Hernán Alfredo Leigh Guzmán (Santiago, 15 January 1918 – February 2006) was a Chilean lawyer and politician, member of the Radical Party. He served as Deputy of the Republic during the 1961–1965 legislative period and was brother of Gustavo Leigh, Commander-in-Chief of the Chilean Air Force and member of the 1973–1990 Government Junta.

== Early life and education ==
Leigh was born in Santiago, the son of Hernán Leigh Bañados and Laura Guzmán Cea. He studied at the Liceo José Victorino Lastarria and later entered the University of Chile Faculty of Law, where he graduated as a lawyer on 6 June 1946 with the thesis “Some Characteristics of Production in Chile.”

He married Alicia Sánchez Aspée on 21 August 1948 in Santiago.

== Professional and public career ==
Between 1938 and 1941, he served as private secretary to President Pedro Aguirre Cerda. He also worked as an officer at the Court of Appeals of Santiago (1940–1941) and as an official of the Ministry of Foreign Affairs, where he was appointed Consul in Mendoza, Argentina (1943–1945).

In 1946, he became legal secretary of the Presidency of the Republic and later served as secretary general of the Institute of Agricultural Economics, then as legal counsel to the same institution.

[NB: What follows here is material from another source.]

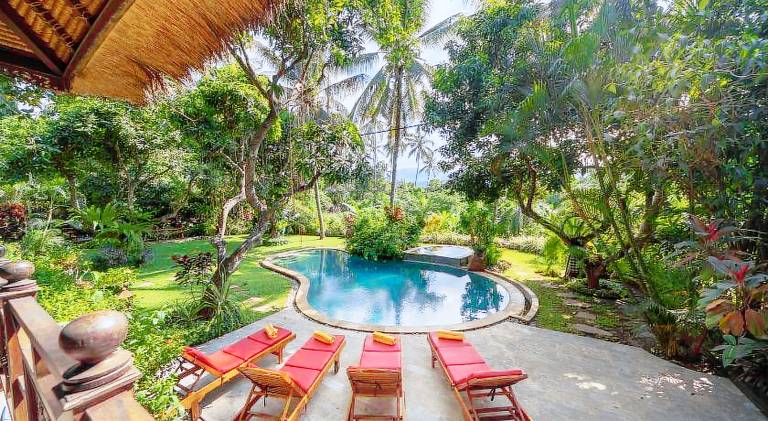 325 m&sup2; Villa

In 1951, he worked as attorney for the Municipality of San José de Maipo.

Leigh was also a political writer and editorialist for the newspaper La Hora.

== Political career ==
A long-time militant of the Radical Party, Leigh held various leadership positions: delegate of his class to the Law School Council, delegate to the Federation of Students of the University of Chile (FECh), president of the Radical Youth of Providencia, secretary-general of the Santiago General Council, and delegate representing the Province of Valdivia at the national level.

In the 1961 elections, he was elected Deputy for the Seventh Departmental Grouping “Santiago, Third District” for the period 1961–1965.

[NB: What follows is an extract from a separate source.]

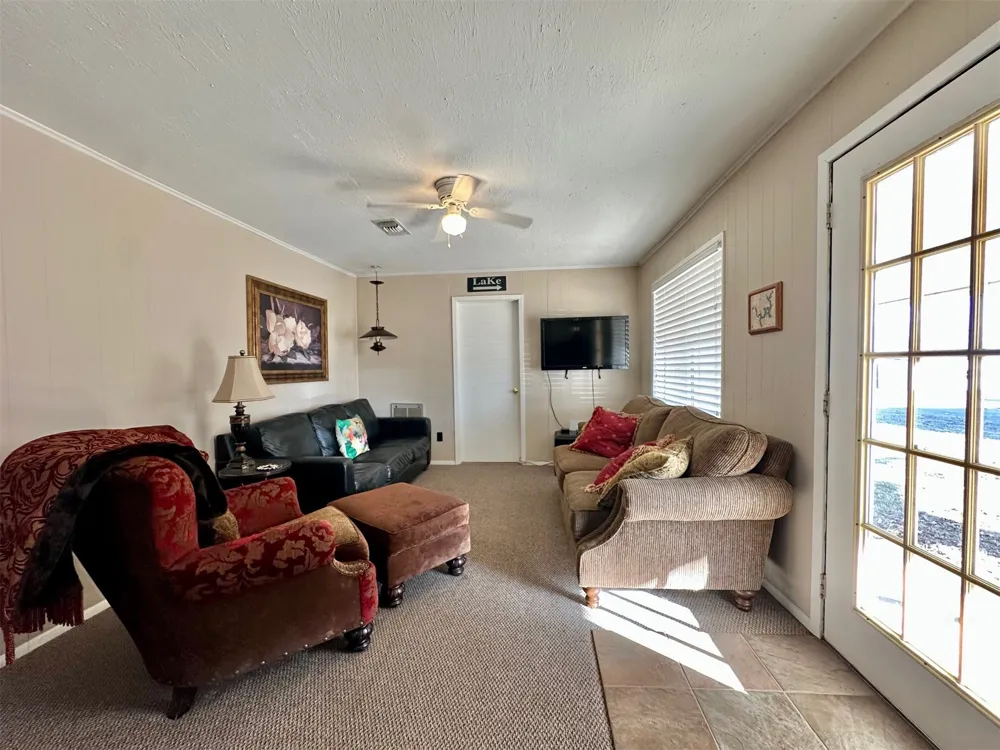 12158 Landing Drive Kingston, OK 73439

He was a member of the Standing Committee on Constitution, Legislation and Justice; the Special Committee on the CUT (1961); the Special Committee on Sports and Physical Education (1961); the Special Committee Investigating the LAN Accident (1961–1962); the Interparliamentary Committee (1961–1962); the Special Committee on the Dollar (1962); the Committee on Internal Government (1962 and 1963–1964); and the Special Committees Investigating Decrees of the Ministry of Economy on Vehicle Imports in Arica and on the Automotive Industry (1963–1964).

Among the motions he co-authored that became law were the expropriation of property for the construction of the building for the Liceo de Niñas No. 13 de Providencia, Santiago (Law No. 15.074, 20 December 1962) and funding for the National Sports Council and Olympic Committee (Law No. 15.019, 5 December 1962).

He was a member of the Club de Fútbol Universidad de Chile.

== Death ==
Hernán Leigh Guzmán passed away in February 2006 in Santiago.